MYTILUS EDULIS.. OH, YOU DON'T READ LATIN?

In which case I had better get HER to translate.. it means edible mussels.. which WE have jurst had for supper.. a whole kilo! 

No, SHE cannot be bothered to do that white wine nonsence.. 

SHE gets a very large pan with a lid, in goes olive oil, crushed garlic, pepper and chilli flakes, onto the gas, turn up the flames and when garlic is beginning to sizzle, in go the mussels, on goes the lid and down come the flames a fraction..shake the pan a couple of times to make sure they all get access to the heat. and in no more than three minutes later..they are done.

SHE cleaned Mister Squiddly-Diddly, WE will have him tomorrow night with his ink, probably with Bulgar Wheat, he is scrummydumptious with that.

YOU make Bulgar using, if YOU have it, good home made Fish stock. SHE makes it in bulk out of Salmon heads and Shrimp heads and tails and freezes it in ice cube containers, then transfers the cubes into a bag.. simples!

So whilst SHE ate mussels, I gobbled two whole pieces of favourite bread along with four mussels and some Papaya with a few of those crunchy black seeds... ooooh, peppery!
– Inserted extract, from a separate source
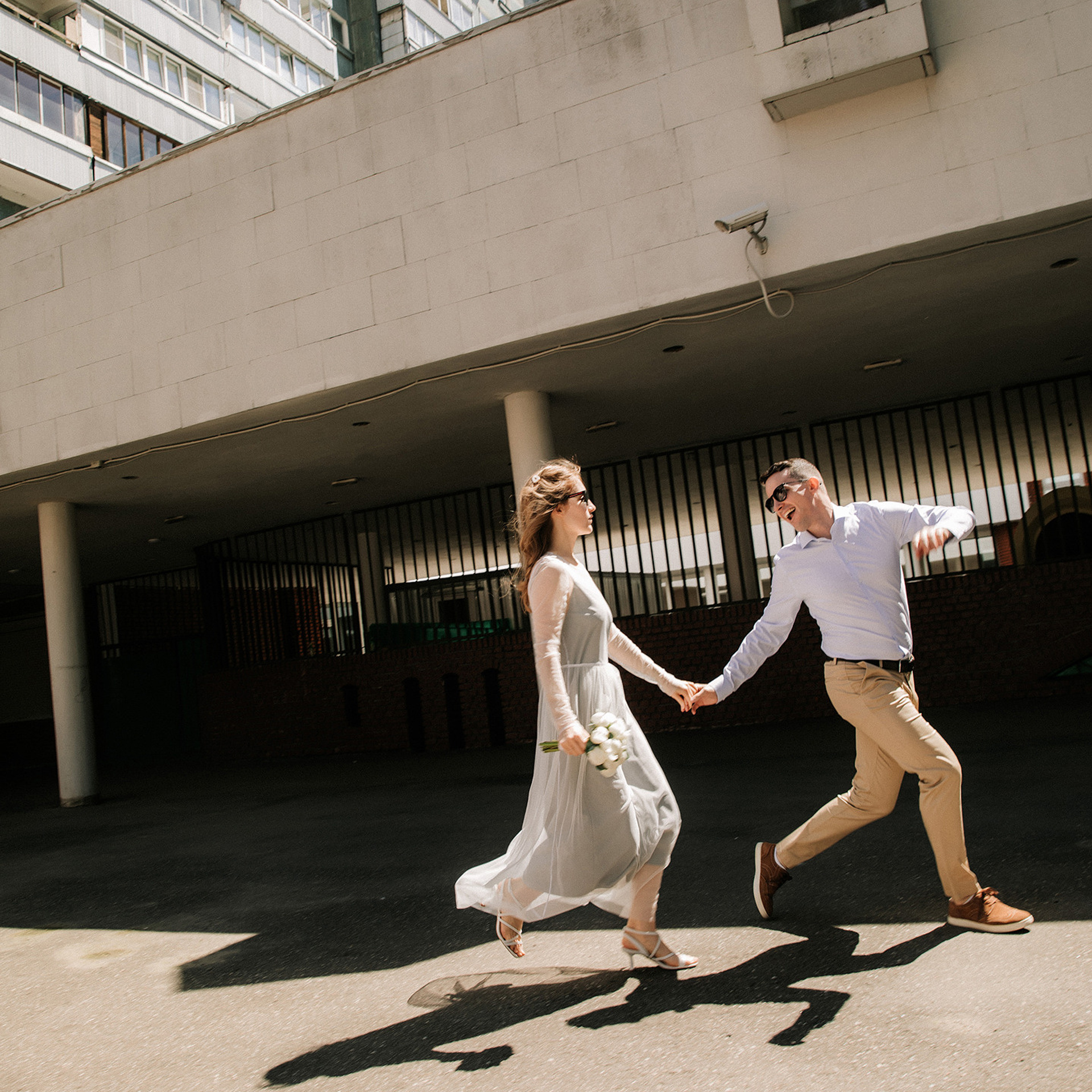 A&M. Семейный и свадебный фотограф в Москве и МО Женя Истинова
WE are back off to bed, but this time it will be for the night with a good thriller, I shall be allowed, maybe, half an hour of television.

Then it is an early night for both HER and ME.. it is sad because weather forecast is dire!!!  Oh, but WE are so very pleased indeedy that weather was dry for so long, this means that little shed roof was BONE dry when Dean nailed on the new roofing, little shed will be as snug as a bug can be.. 

"PipPip.. Good night Dear Readers".. Ooh, WE saw that Venezuela and Portugal have come on to read MY Blog.. I am spreading.. soon to be very fat... heehee..

GeeGee Parrot.
September 22nd, 2012.





1 comment:

  1. As for mussels (& oysters) I like them, but they don't like moi!, but I did think HER preparation was quite interesting w/o the white wine & just sort of sautèd, then smothered in self-juices. Also, my 7 & J.J. still fondly recall baby squid cooked in ink w/just the least bit of white wine or juice of one lemon for zing. We ate this dish on Thai rice. Can't get baby, TENDER, squid here in Texas. Not having much luck w/papaya just now.